If you’ve been reading this blog for long enough, you’ll see that I also review a lot of media. Generally, when I try to review something, I often try to put a cover image related to it. This would have been so much easier if I could draw or take screenshots, but I can’t do either of these due to my blindness.
In this long video, Super Eyepatch Wolf covers how YouTubers feel when they look at their stats. This is the same for bloggers, if you look at your traffic. As a result, I do not look at my traffic stats anymore.
This leaves me with some bigger fish to fry, while not giving me any feelings of inadequacy.
A hard realization: blogging doesn’t have the reach it once did.
This might trigger you, but the reality is, blogging is not as popular as it used to be in the late 90s or early to mid-2000s. The rise of video platforms like YouTube ensured that, and changed the habit of readers from reading an article to watching a video.
Or did they? I kind of get the feeling that people weren’t willing to read back in the day either.
Anyway, the point I’m trying to make here is that compared to video giants like YouTube, and the rise of short videos both on YouTube and TikTok, blogging is always going to be behind in terms of attention and visitors, especially personal blogs like this one.

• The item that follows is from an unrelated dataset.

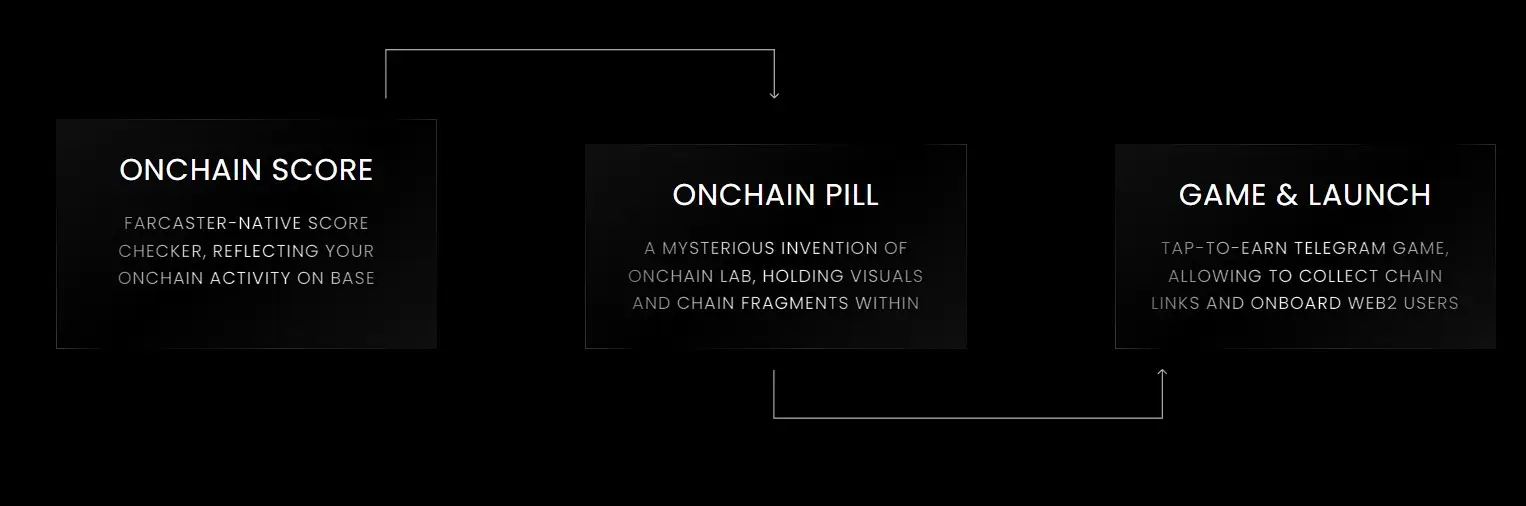 Дорожная карта Chain Game Дорожная карта Chain Game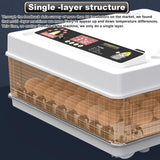 Humidifiers: CARLA HOME 70 Egg Incubator with Automatic Turning, LED Display, Humidity & Temperature Control, Auto Water System & Built-in Egg Candler for Chicken, Duck, Quail, Goose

Monetizing blogs is hard when you’re starting out:
I have no shame in saying that I’m unemployed. Mostly because I’ve given tons of interviews, and ableism has gotten in my way, resulting in excuses and ghosting on the employer’s part. Also, because I have tried, and am still trying to find a job. So, I am not one of those supposed “Lazy people who don’t wish to work.”
But while I do search for employment, I thought of getting some small income from my blog. I was under no illusion of becoming a millionaire; some small money would be appreciated.

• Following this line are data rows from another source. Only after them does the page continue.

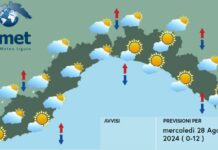 Meteo Liguria, ancora instabilità con passaggi nuvolosi specie al pomeriggio meteo Liguria 28 agosto 2024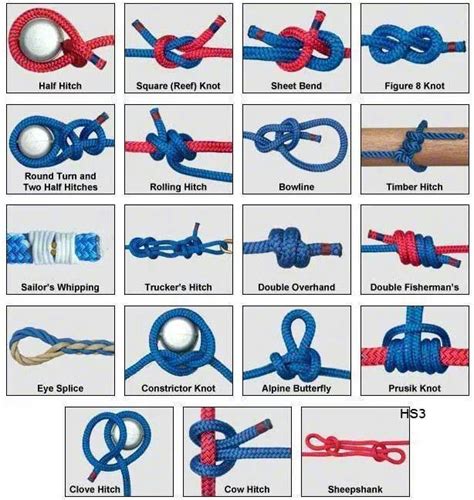 Nautical Knots and line strength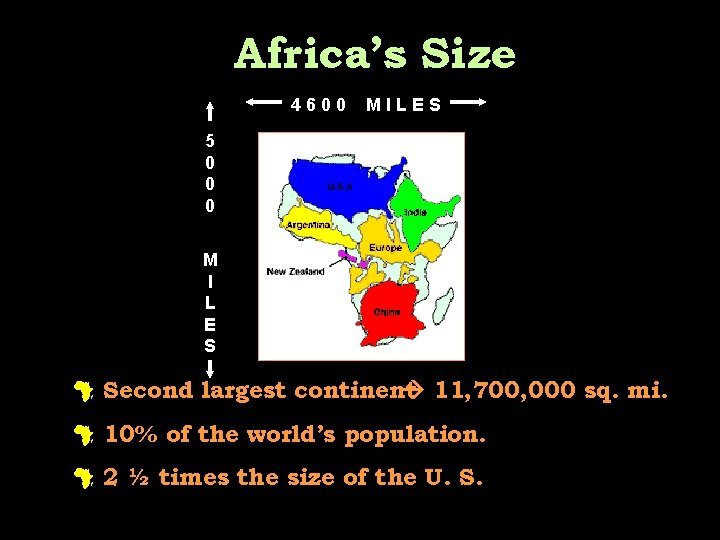 Africa’s Size 4600 MILES 5 0 0 0 M I L E S #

I thought of starting out with Amazon affiliate, but I heard they cut their rates. I review a lot of books, so “There goes my idea of monetizing.” I thought.

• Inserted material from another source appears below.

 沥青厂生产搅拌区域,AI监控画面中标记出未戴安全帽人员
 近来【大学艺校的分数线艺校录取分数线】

But rate cutting wasn’t the real problem for me. I already signed up, so I thought I might as well grab the bull by his horns, and go for a ride. But then I realized that there’s country shenanigans going on. I have to sign up for different stores of Amazon in different countries, each with their own different type of info, and I have to use universal link creators to actually redirect the users to write places. Which honestly sounded like sort of a gray area to me, since Amazon’s policy clearly states that the link should not be tampered with.
After a while, I decided to say “Fuck that,” and put the Amazon affiliate to a rest. This whole struggle caused me to miss my posting schedule in July.
Then, I moved on to By Me a Coffee. But it also had trouble. Mainly, Stripe’s confusing stance on international payments, and some accessibility problems which didn’t allow me to complete my page, and put a picture there.
Not to mention, no one is actually even giving it a try. But the page looks horrible, and I’m not offering anything extra. So, I get why no one has bought me a coffee yet.
But I’m still hopeful.
Setting up the payment platforms was a bitch, though. I had to bang my head against their registration process. seriously, we live in the 21st century. Why can’t they improve accessibility?
Your morale is hit hard when you see that other blogs get more traffic than you:
What are these “other blogs” I speak of? Of course, the ones who spread conspiracies and misinformation, and hate. They always get double the traffic of a nice and wholesome blog.
When you see that, it hurts, a lot.
Following blogging etiquette is hard:
This might come off as me complaining, but hear (read) me out.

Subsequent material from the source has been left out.